Stockholm university

Research project Online platform trade and EU privacy safeguards

In this project, all aspects of the EU data protection regime are explored in the context of electronic commerce.

Lock icon and shield icon on the background of the EU flag, on the laptop screen
Photo: Vadi_Fuoco / Mostphotos

In addition to the general legal framework, data processing is governed by user terms and consumer rights as well as by rules on artificial intelligence and the EU digital services and market package. In particular, the liability for providers of online platforms and new machine interfaces are scrutinised.

Within online name spaces, the distinction between the internal market and external trade is blurred, and the project focuses on the territorial scope of EU law in the light of data location and transfers. Furthermore, the idea of a separate field of activities classified among “commerce” becomes increasingly illusory as customised services reaches into the private sphere, and the compartmentation in “digital” and “real life” services needs to be analysed in the light of robotization and the “internet of things”. 

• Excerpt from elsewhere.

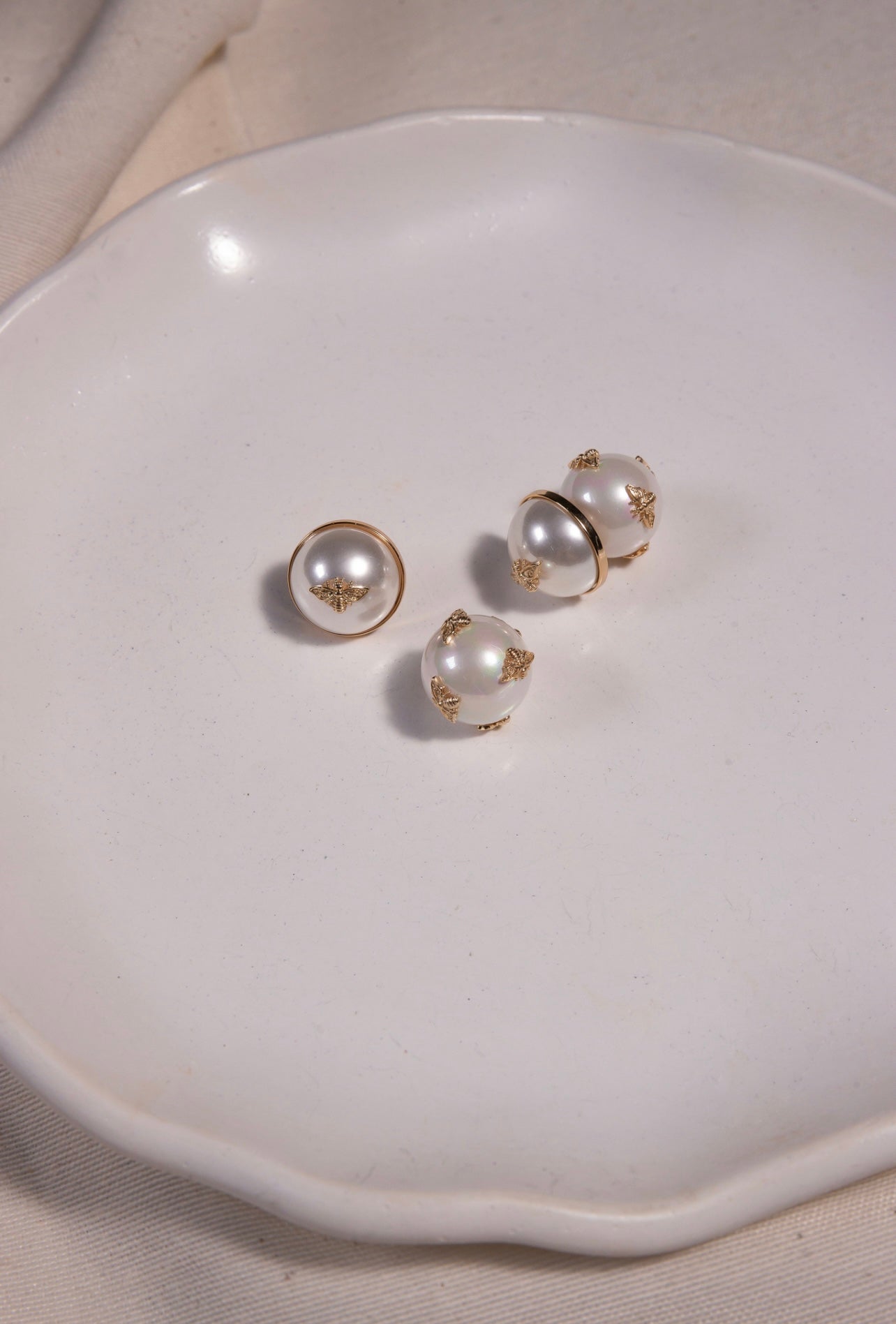 Pearl Bee Earring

The EU's comprehensive legislative package on the Digital Single Market and Artificial Intelligence will be included in the analysis when it enters into force. The project is expected to result in a monograph that will be published by the end of 2023.

Project description

It is a common misunderstanding that the territorial scope of EU law with regard to the protection of personal data would be conditioned on the actual location of the data packets concerned at a given time. However, there are two reasons why the location of data packets and processing infrastructure is irrelevant. First of all, only natural and legal persons qualify as legal entities, and even if algorithms learn and refine their decision-making processes, law as we know it is an empty blow against the machines. Hence, the territorial scope of law is determined by the place where the natural or legal persons concerned are, as opposed to the location of servers, terminal devices or other data processing equipment. Secondly, the internet infrastructure allows automatic allocation of tasks in computer networks across the globe, and it is often difficult to back-track the location of data packets at a given time. Even if machines where accepted as legal entities, the territorial scope of EU law (or any other legal order) would be arbitrary in case the location of data packets would be the decisive criterion for applicability.

If either the data subject or an undertaking involved in the processing activity is in a Member State at the given time, it follows from the general effect criterion that EU law applies with regard to the data processing. Indeed, the fear of “extraterritorial applicability” or “legal colonisation” that results from the lack of a systematic analysis, is rebutted by the link to the Union that is required for EU law to apply. In fact, overlapping legal regimes in cyberspace is less of a problem than lawless internet domains. After all, regulation hinges on the possibility to enforce legal rights, and in that connection the Union seeks to ensure an adequate level of data protection and access to remedies also in third countries. As the European Court of Justice has annulled the European Commission’s decisions that cleared the US data protection regime in two seminal cases, the limelight moves to other bases for data transfers. Besides the general framework for data protection, the project addresses international trade agreements. Since the data subject is also a consumer of digital (platform) services in the context of e-commerce, the EU system for enforcement of consumer rights is investigated as an alternative route to justice. Whereas data processing by some platforms enable meetings between natural and legal persons far apart, other platforms make meetings between man and autonomous machines in real life possible. In order to channel the forces of commerce towards the objectives of the Union, competition law intervention against conduct with regard to processing of personal data may ultimately be necessary.       
 

Project members

Project managers

Claes Granmar

Universitetslektor, docent

Department of Law
Claes Granmar

Publications

More about this project

Funding

The project began in 2018 at the Institute for European and Comparative Law (IECL), Oxford University, with scholarship funding from the Faculty of Law at Stockholm University, and continued thereafter at Melbourne Law School, Australia, with suport from a Docent Scholarship from Stockholm University.

Currently, the project is funded by the position as a associate professor at Stockholm University.

Related events and happenings

In June 2018, Claes Granmar organised an interdisciplinary conference on artificial intelligence and fundamental rights with scholars in the fields of law, social science and philosophy from Europe, Australia and Canada.

As a result of the multidimensional and fruitful discussions the anthology "AI and Fundamental Rights" was published.